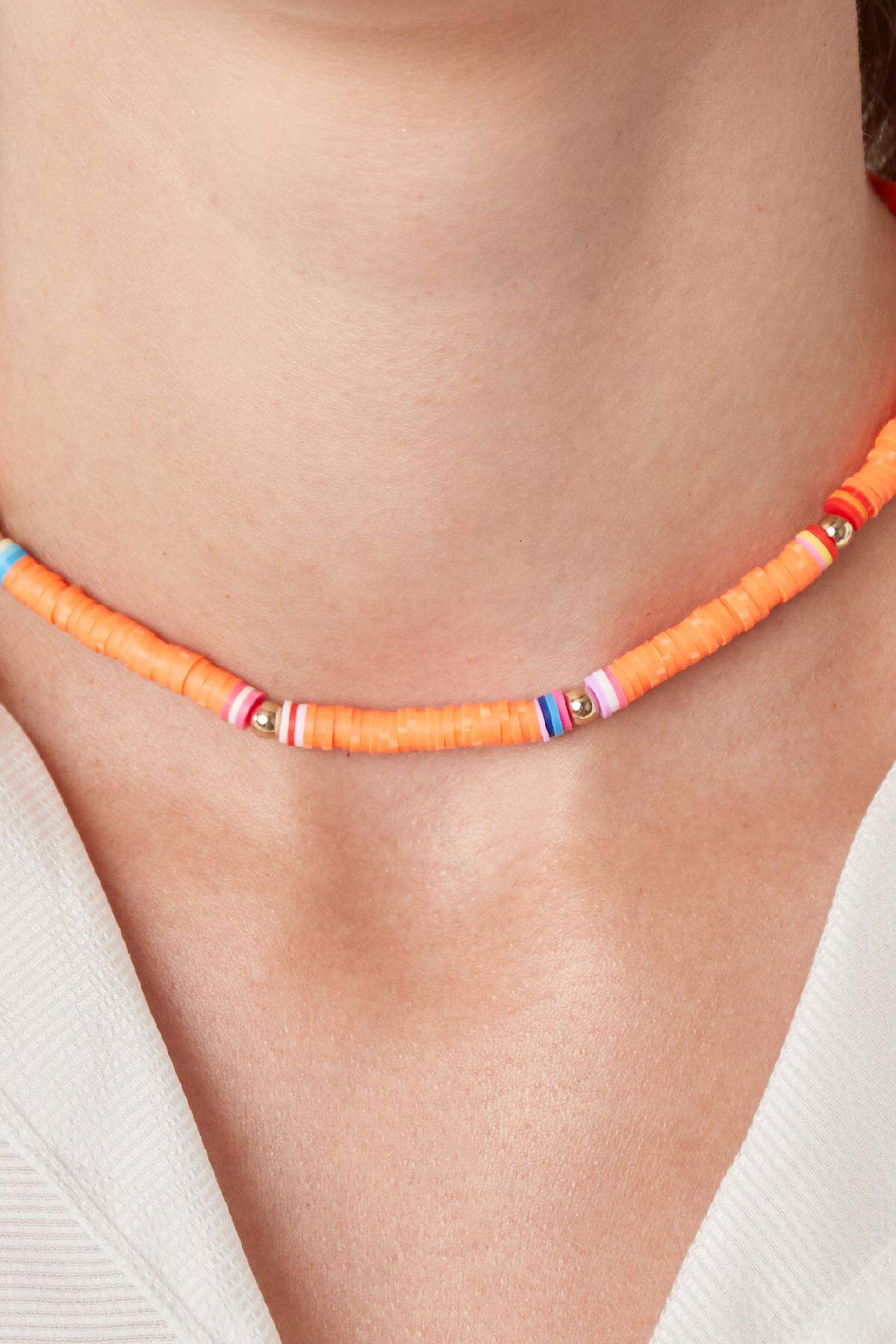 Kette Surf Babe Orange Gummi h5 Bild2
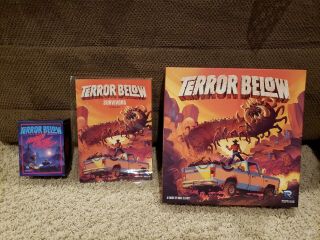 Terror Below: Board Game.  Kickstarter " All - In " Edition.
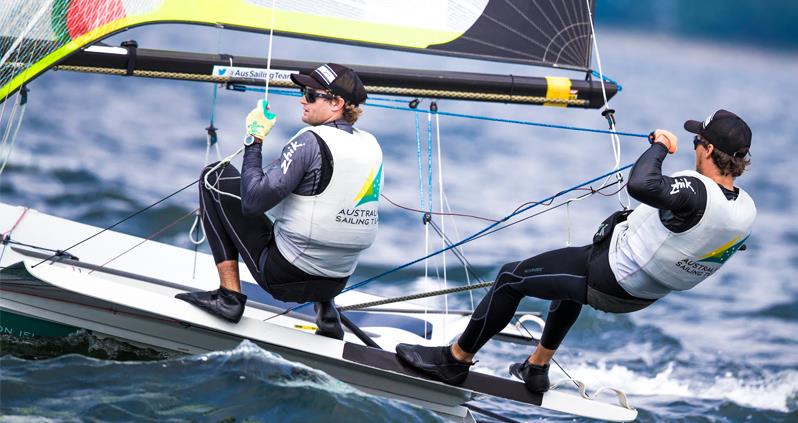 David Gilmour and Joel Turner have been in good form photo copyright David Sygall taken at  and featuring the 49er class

Exercise aim:
Word-for-word transcription: the whole listing, with images excluded.

Exercise result:
 Kette Surf Babe Orange Gummi h5 Bild2
 Terror Below: Board Game.  Kickstarter " All - In " Edition.
 David Gilmour and Joel Turner have been in good form photo copyright David Sygall taken at  and featuring the 49er class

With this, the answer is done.